Some 66 percent of that coverage dealt exclusively with the presidential
campaign, while less than 1 percent covered state legislative races. This
mirrors a pattern in local media across the country; the Lear Center's local
news archive at the University of Southern California studied 11 media
markets during this same time and found that a given half-hour of local news
averaged a mere 2.4 minutes devoted to local electoral coverage.

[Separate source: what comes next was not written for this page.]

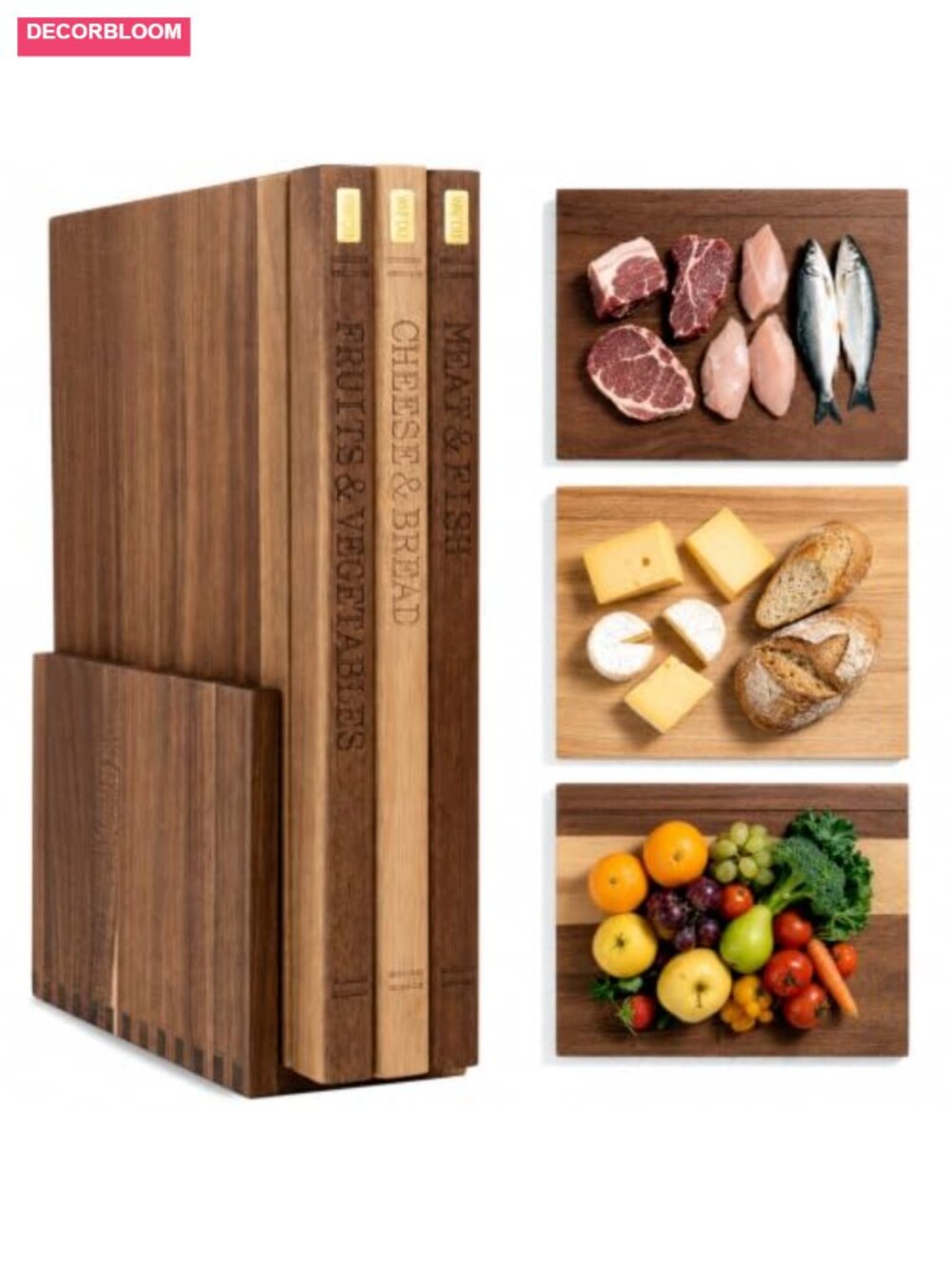 Wood Cutting Board Set Book Design with Stand 3 Labeled Boards Acacia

Exhibit B: Chicago's TV stations consistently ignore news about and
perspectives from communities of color. Chicago's population is 37 percent
African-American and 26 percent Latino, yet no person of color hosts any
locally-produced public affairs shows on the city's English-language
stations. A study of the guests appearing on one flagship news show found
that more than 79 percent of guests were white, only 12 percent were African
American, and less than 3 percent were Latino. Multiple studies also confirm
that local TV news coverage of predominately African-American and Latino
neighborhoods in Chicago overwhelmingly focus on crime and social
dysfunction and exclude all other topics.

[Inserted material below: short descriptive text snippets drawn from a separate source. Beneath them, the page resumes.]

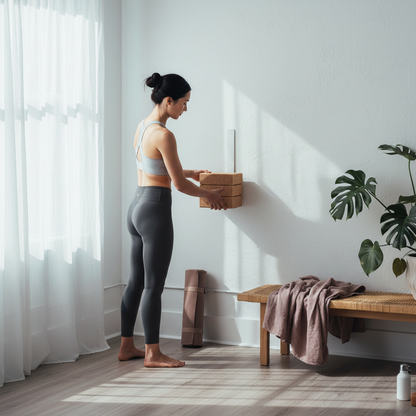 Woman in activewear placing cork yoga blocks into a white wall-mounted yoga block bracket beside a wood bench and plants in a bright wellness room. — for Carpe Diem Dream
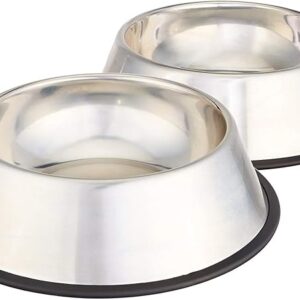 Amazon Basics Stainless Steel Non-Skid Pet Dog Water And Food Bowl, 2-Pack (10 x 2.8 Inches), Each Holds Up to 38oz - Image 1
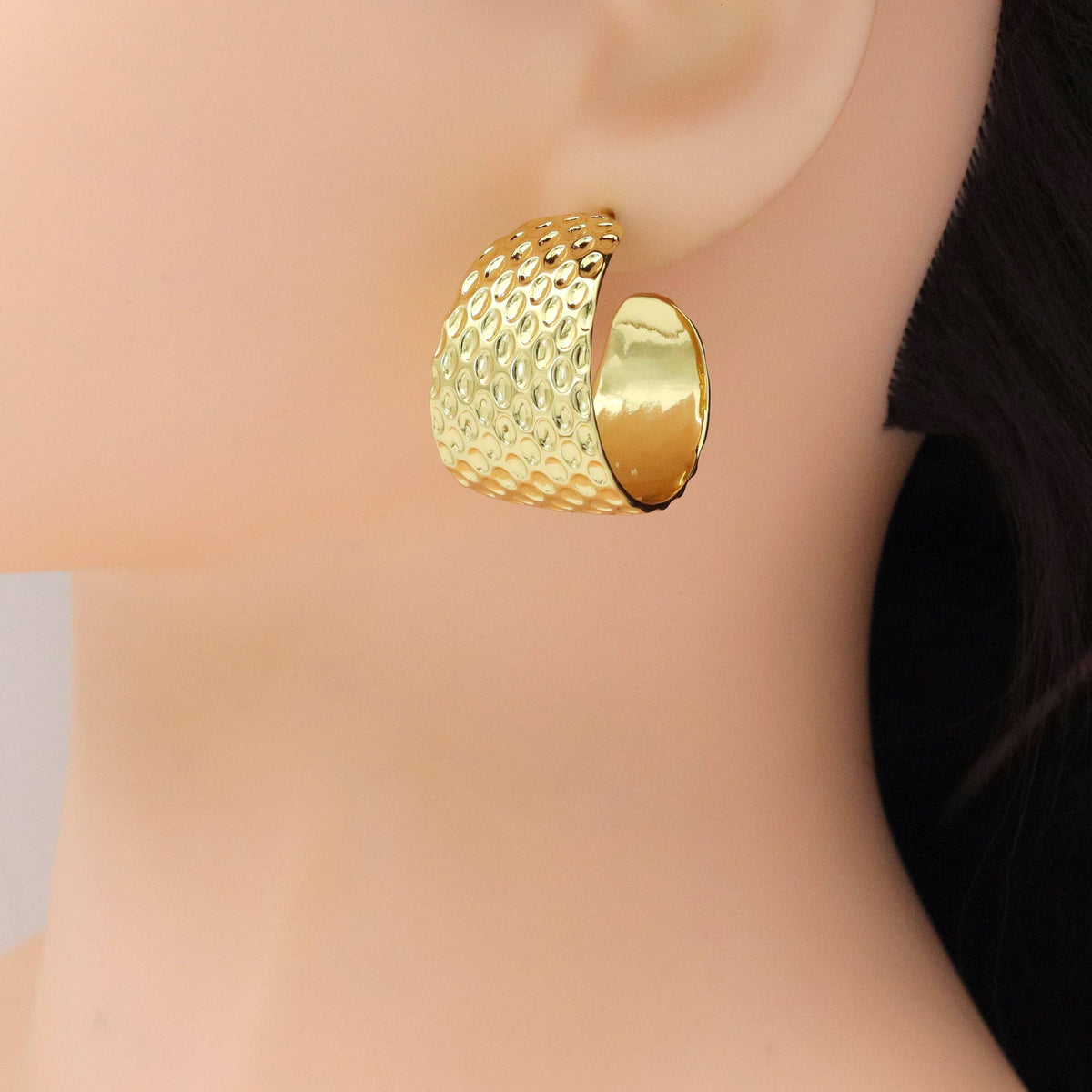 Gold Silver Chunky Hammered Half Hoop Earrings, Sku#LD601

Clearly, another FCC investigation into the inadequacies of television is
long overdue.
Fortunately, media reform activists may provide a glimpse of hope. TV
broadcasters must renew their broadcast licenses every eight years, at which
time citizens can file objections with the FCC. All of the TV licenses in
the state are up for renewal in 2005, and the growing media reform movement
has seized on this opportunity to force broadcasters to pay attention to
their concerns.

On November 1, Chicago Media Action -- the city's leading media reform group
-- petitioned the FCC to deny the license renewals of nine English-language
TV stations in Chicago. The petition pointed to the paucity of TV coverage
of local elections as its basis for complaint.

At the same time, Third Coast Press, a Chicago-based community newspaper and
web-site, filed its own petition asking the FCC to revoke the licenses of
nearly 20 Chicago-area stations. Their filing addressed a number of
concerns, including scant and dismissive news coverage of antiwar protests
and increasing violence against women on TV.

The FCC should take these petitions seriously. The performance of the
stations in question has been deplorable and their license renewal
applications should be closely scrutinized. Moreover, the problems with
Illinois' TV broadcasters are symptomatic of the shortcomings of American
television in general. Acting on the complaints raised by media reform
groups would send a powerful message to TV stations around the country.

If the FCC accepts either or both of these petitions, the license renewal
applications of the affected stations would be subject to a hearing.
Ultimately, the issues raised in these petitions deserve to be discussed in
an open and public forum so that area residents can finally weigh in on the
dismal service they receive from their TV outlets.

Forty-three years have elapsed since those 1962 hearings and the public has
been forced to endure a continuing "vast wasteland" with nary an oasis in
sight. It is high time citizens were given a chance to talk back to their TV
sets again.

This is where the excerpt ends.